ЖИЗНЬ МУЗЕЯ И ЕЁ ЧЕЛОВЕЧЕСКИЕ «ЭКСПОНАТЫ»
Надеюсь, что кто-нибудь ещё напишет, оставит заслуженную память о людях, которые отдали годы своей жизни Музею. Для начала начну сам.
В 1968 году, мне было 14 лет, я приехал из интерната домой на каникулы и узнал, что в Нукусе появился Музей искусств. Музей был в здании старого краеведческого музея. Я приходил в Музей и целые дни бродил в нем. Тогда в музее висели круглые, матерчатые абажуры, которые придавали музею домашний уют. Маленький, сгорбленный, худенький человек, пробегая мимо меня из комнаты в комнату, посмотрел на меня внимательно и спросил тоненьким фальцетом: «Хочешь у меня работать?». Я сказал: «Да, хочу». Тогда он сказал: «Спроси у мамы, разрешит ли она тебе работать у меня, и приходи».
С тех пор во время каникул в интернате я пропадал в Музее, где начал работу со склеивания керамики. Тогда уже Савицкий начал собирать в археологических раскопках керамику с городищ Древнего Хорезма. Огромное было количество керамики!

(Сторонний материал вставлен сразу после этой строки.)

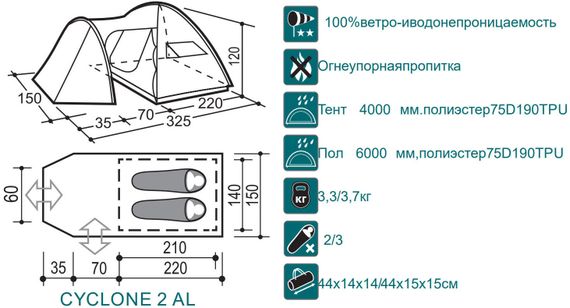 Палатка Canadian Camper CYCLONE 2 Al (цвет green)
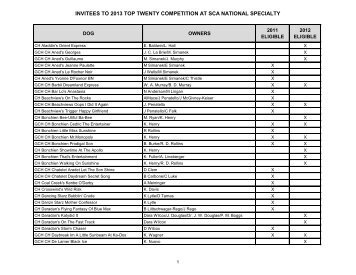 invitees to 2013 top twenty competition at sca national specialty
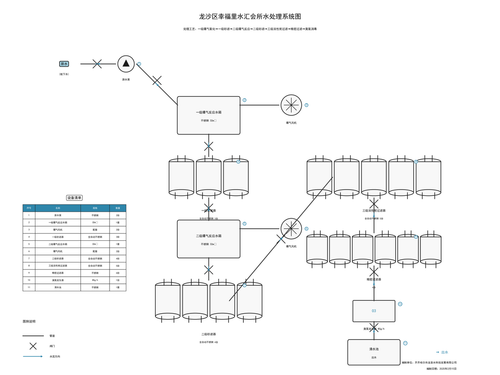 水处理系统图 手机版.png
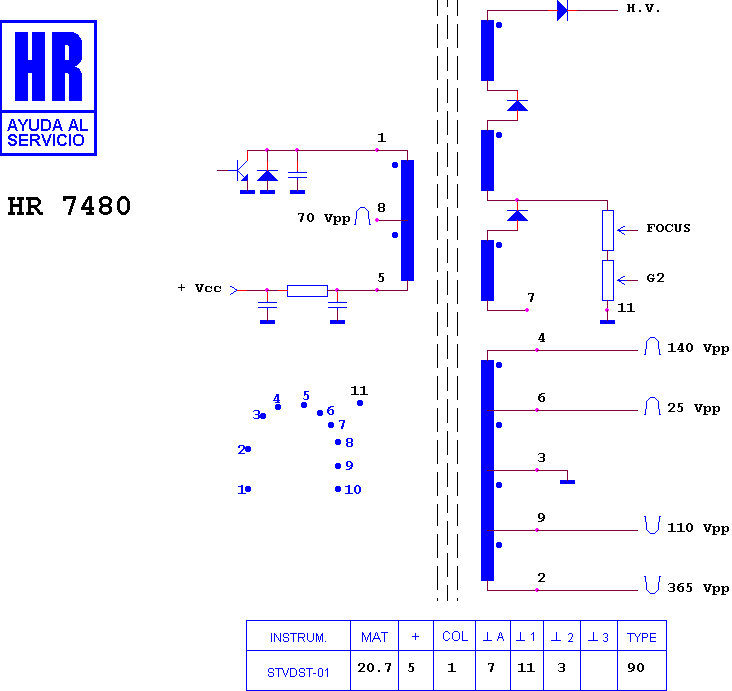 Schematic diagram for HR 7480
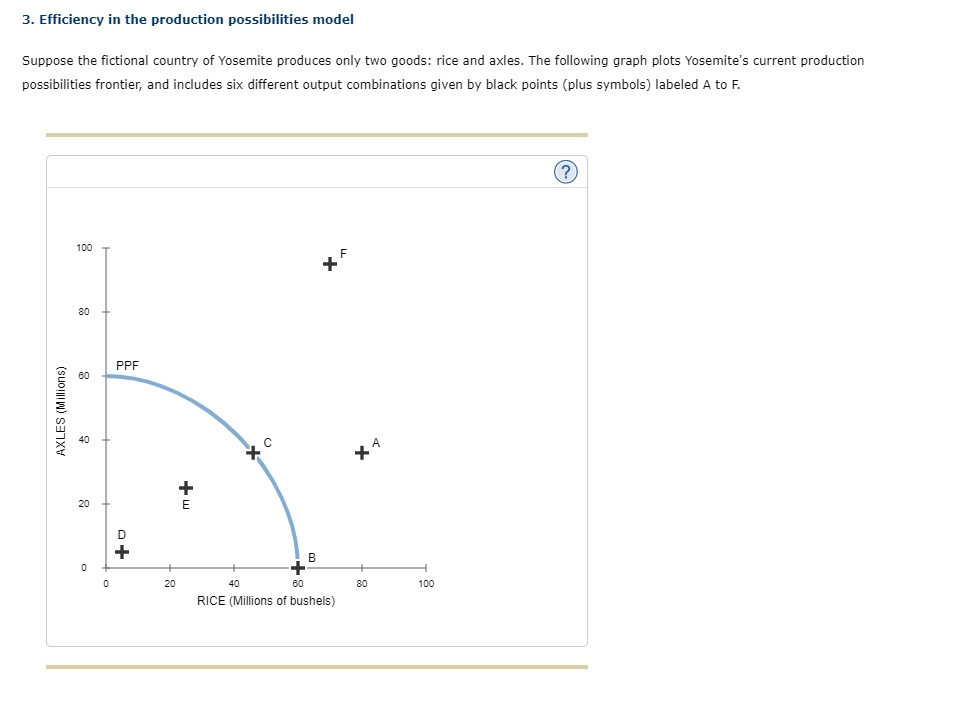 Solved 3. Efficiency In The Production Possibilities Model | Chegg.com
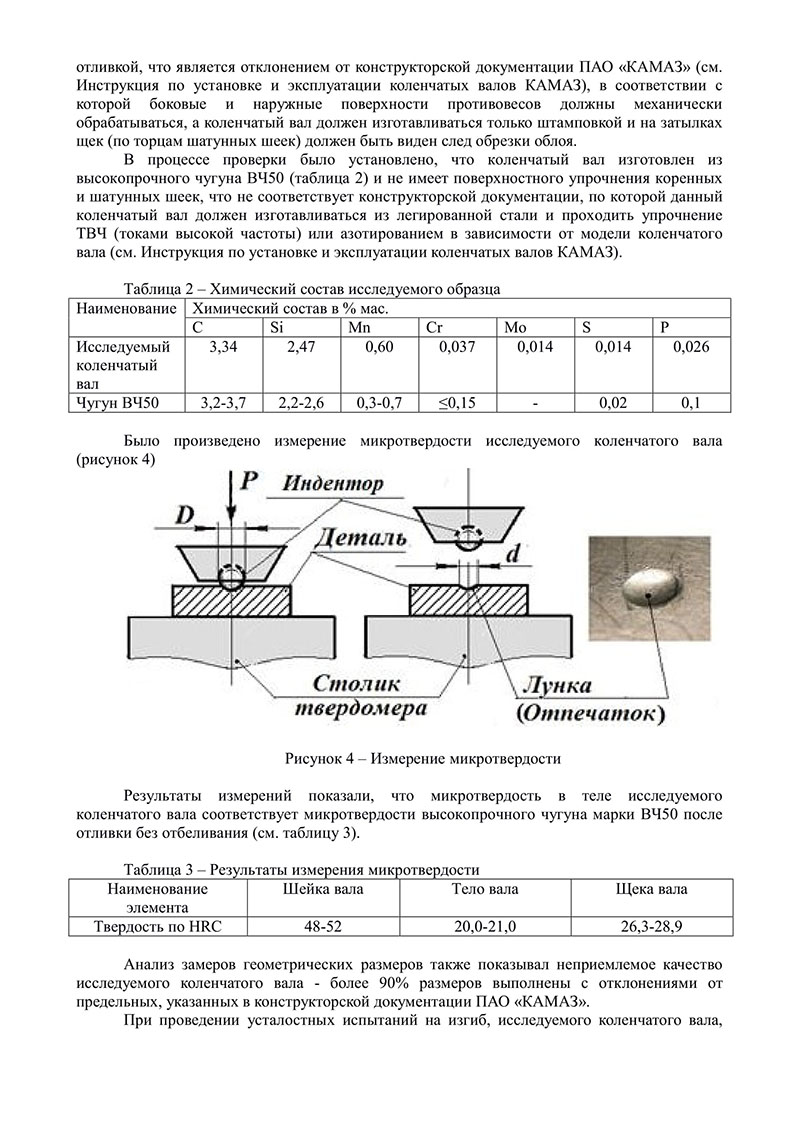 Экспертиза металлов и сплавов: металловедческая экспертиза. Химический анализ в Новосибирске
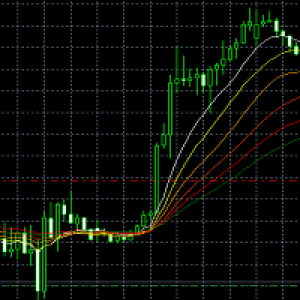 MT4-Waterfall Line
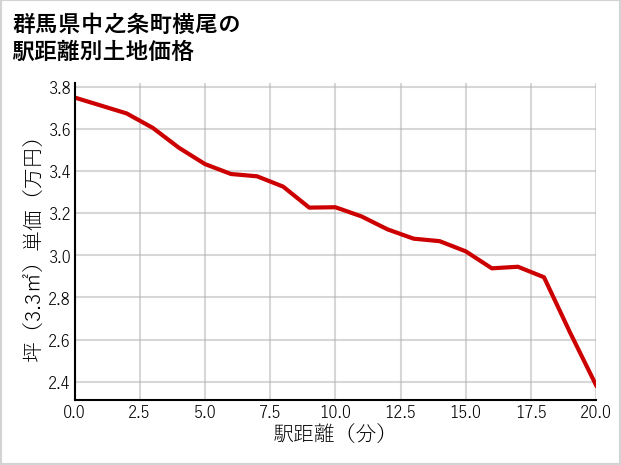 群馬県中之条町横尾の徒歩距離別の土地坪単価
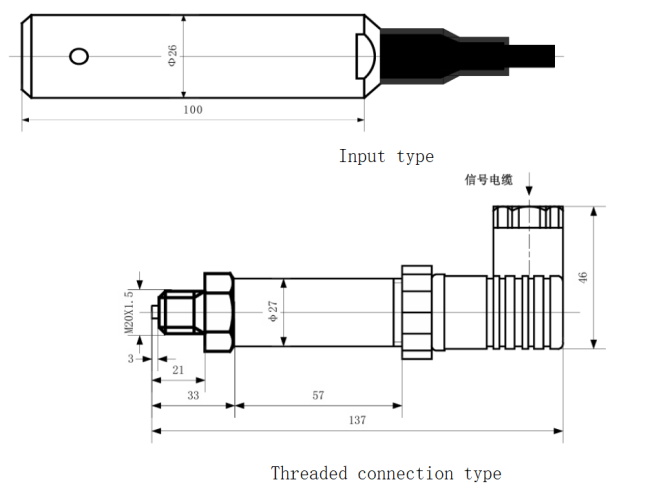 Submersible Water Level Gauge Size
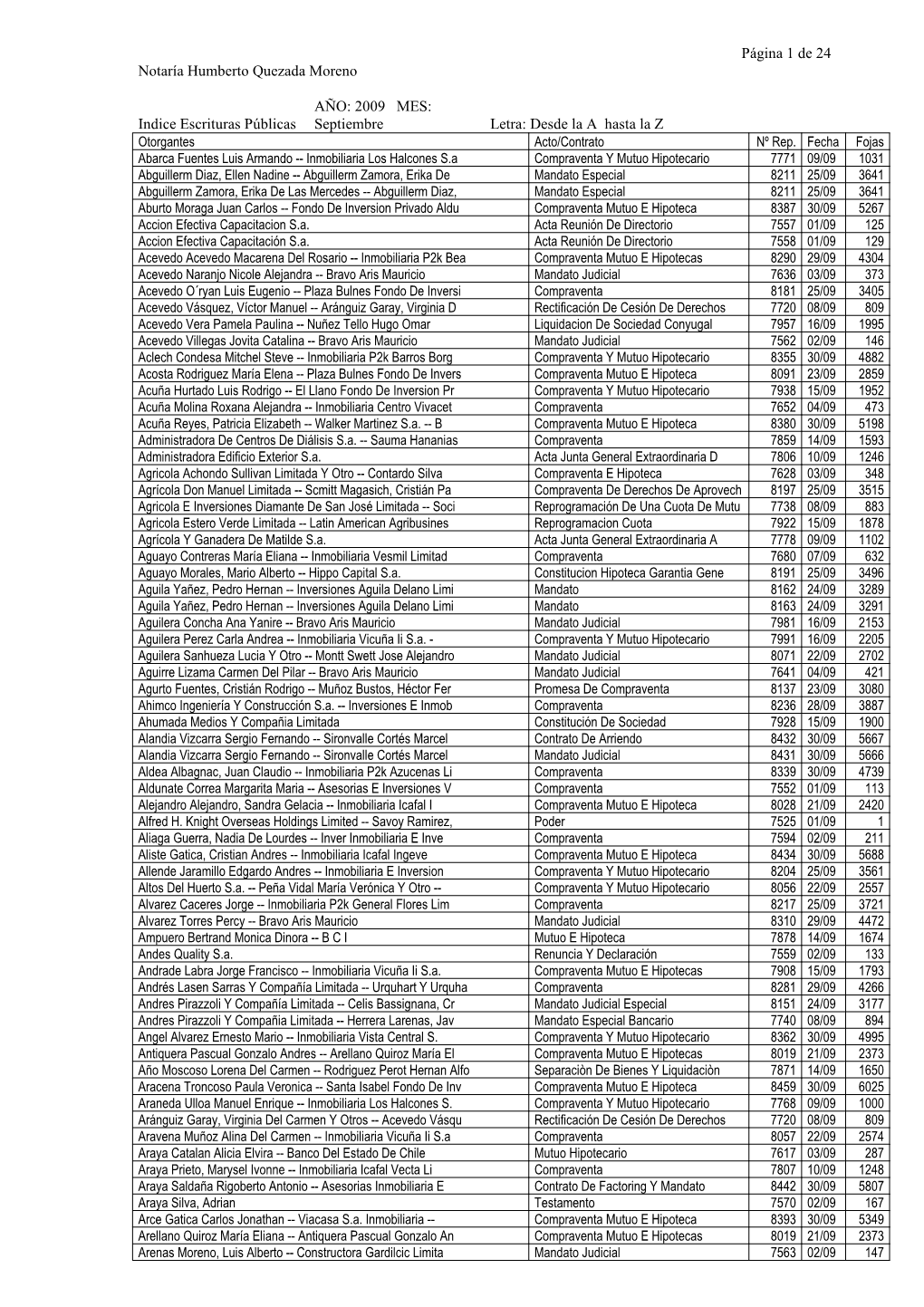 Página 1 De 24 Notaría Humberto Quezada Moreno Indice Escrituras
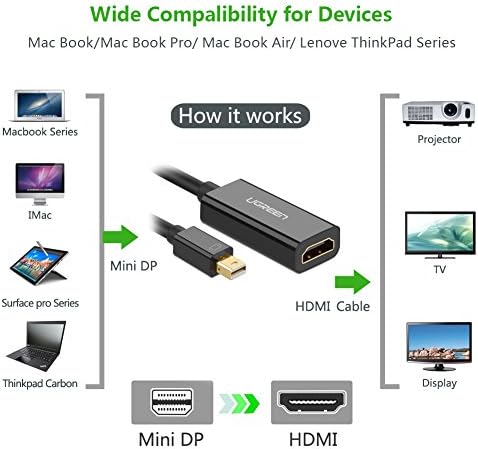 Mini Displayport HDMI Dönüştürücü Adaptör Siyah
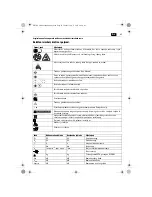 Предварительный просмотр 85 страницы Fein FSC1.6X User Manual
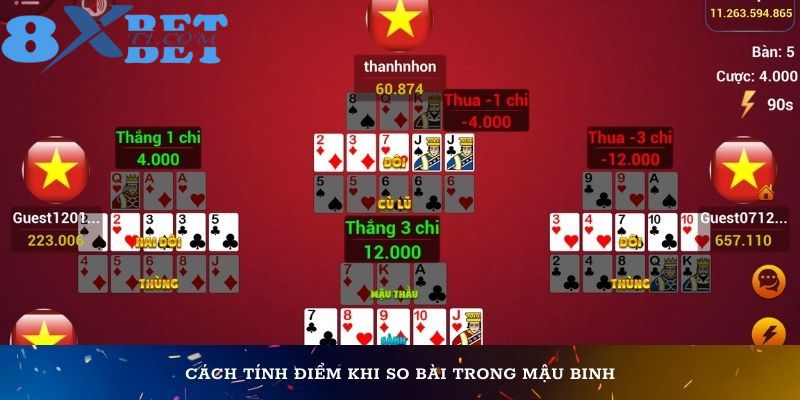 Cách tính điểm khi so bài trong mậu binh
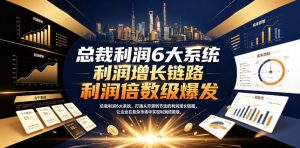 总裁利润6大系统，打通从开源到节流的利润增长链路，让企业在复杂市场中实现利润倍数级爆发-第一资源库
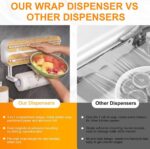 3-in-1 Kitchen Wrap Dispenser with Cutters – Smart & Space-Saving Kitchen Organizer - Image 6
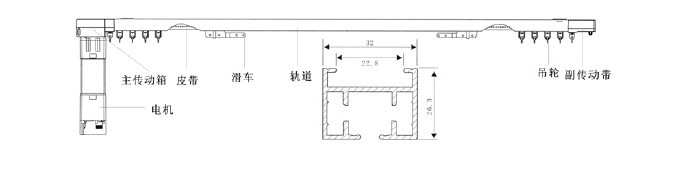 酒店窗簾、賓館窗簾、公寓窗簾、客房窗簾、遮光窗簾布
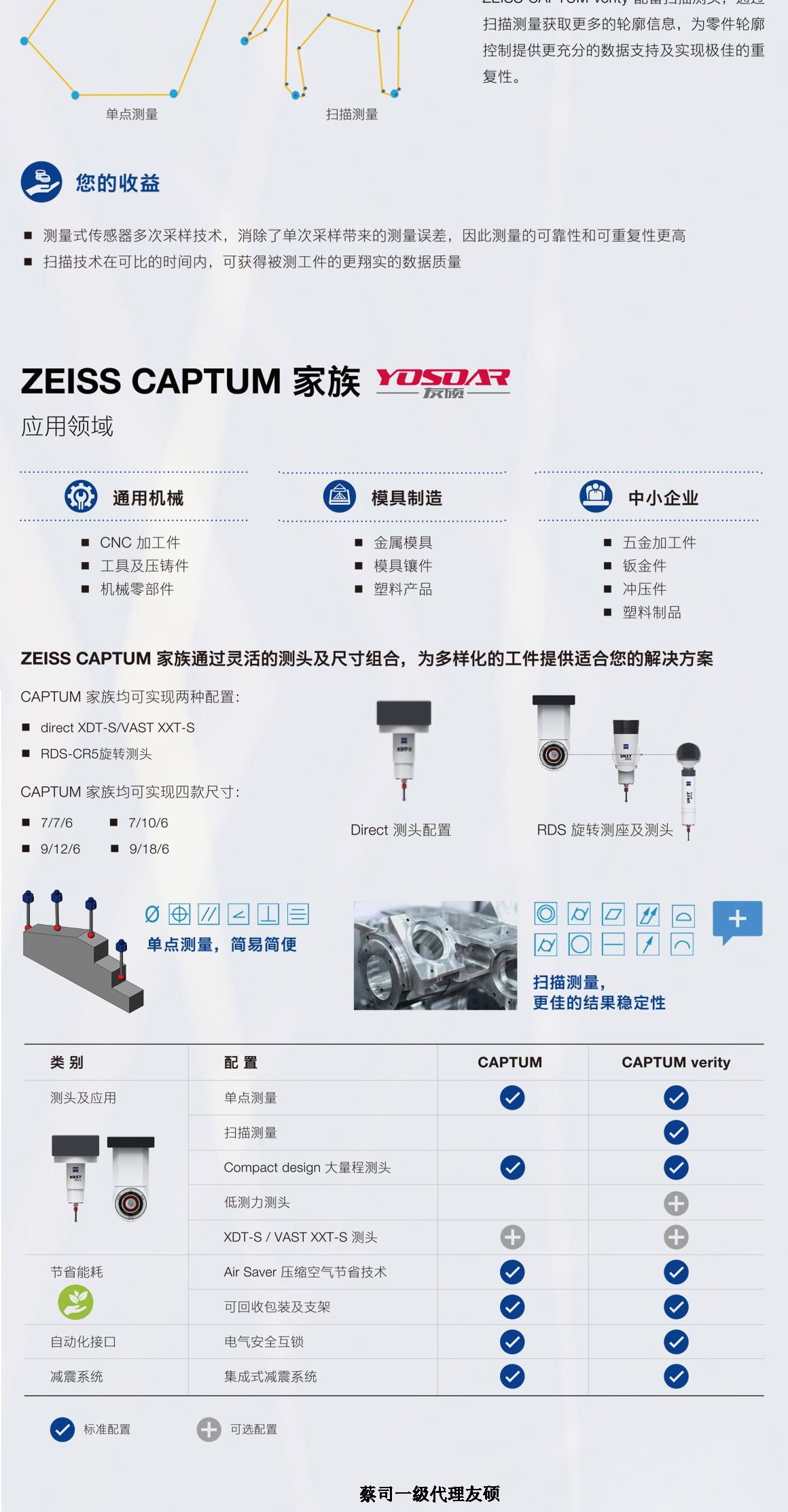 雅安蔡司三坐标CAPTUM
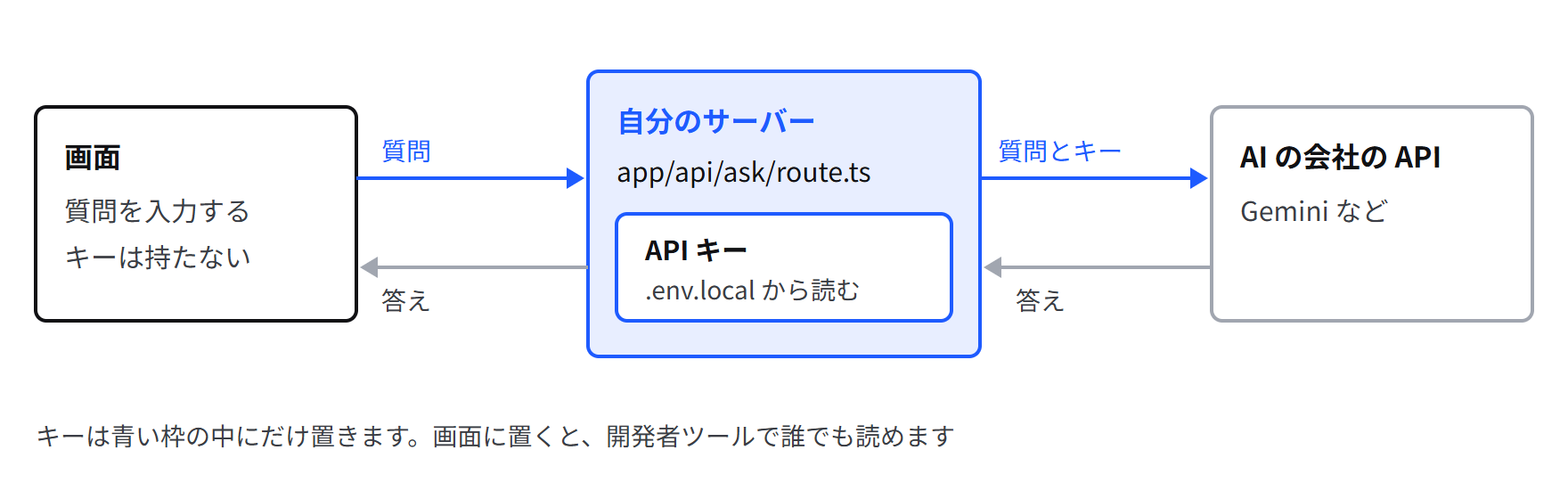 左の画面が質問を自分のサーバーに送り、サーバーが API キーを付けて AI の会社の API に送る。答えは逆の順に画面まで戻る。API キーはサーバーの中にだけ置かれている図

Савицкий брал меня на раскопки, куда нередко выезжал с археологом Юрием Маныловым. (В семидесятые годы Манылов работал в Музее заведующим отделом археологии, впоследствии переехал в Туркмению.) Полный набор черепков для сбора целого сосуда или оссуария редко попадался. Если собиралась хотя бы их половина – остальное дополнял гипсом Жолдасбек Куттымуратов, скульптор, реставратор керамики, друг Савицкого.
Так получилось, что в Музее я каждодневно соприкасался с предметами, в которых сосредоточена вечность и которые, волей или неволей, вынуждали оценивать все с точки зрения вечности.
Днём я клеил керамику, расставлял тазы с водой для увлажнения воздуха в залах, где мы с Савицким часто меняли экспозиции, пробуя и так и сяк развешивать картины. Из-за недостатка места он остановился на шпалерной развеске, при которой картины висели близко друг к другу по авторству или периоду истории. Савицкий сказал: «Дома у Ульяновых картины висели на стене в 4 ряда, и я тоже повесил так же!» – и засмеялся, радуясь совпадению.
А ночью я топил печи Музея. Во дворе стояла хибарка, в которую привозили уголь, и я особенно запомнил зиму 72–73 годов, которую провёл за каторжным трудом – топил 12 печей Музея. Однажды Ж. Куттымуратов, проходя мимо, увидел меня, измазанного углём, сгибающегося под тяжестью вёдер, и пошутил: «Бодрись! Ван Гог тоже начинал с угольных шахт Боринажа». Сравнение польстило, но сил не прибавило.
Здание Музея было очень старым, надо было постоянно дежурить в нем, т. к. не было надёжной охраны, угрожали риски подтопления из-под крыши, а впоследствии и из батарей центрального отопления, когда их поставили. Однажды замёрзли трубы, которые шли в Музей от котельной гостиницы «Нукус» под открытым небом. Там остановили котельную, но не предупредили. И чтобы не полопались батареи, мы всю ночь с Дамиром бегали с паяльной лампой и разогревали эти трубы и батареи. Страшно подумать – что было бы, если бы их прорвало и кипяток залил бы Музей и картины?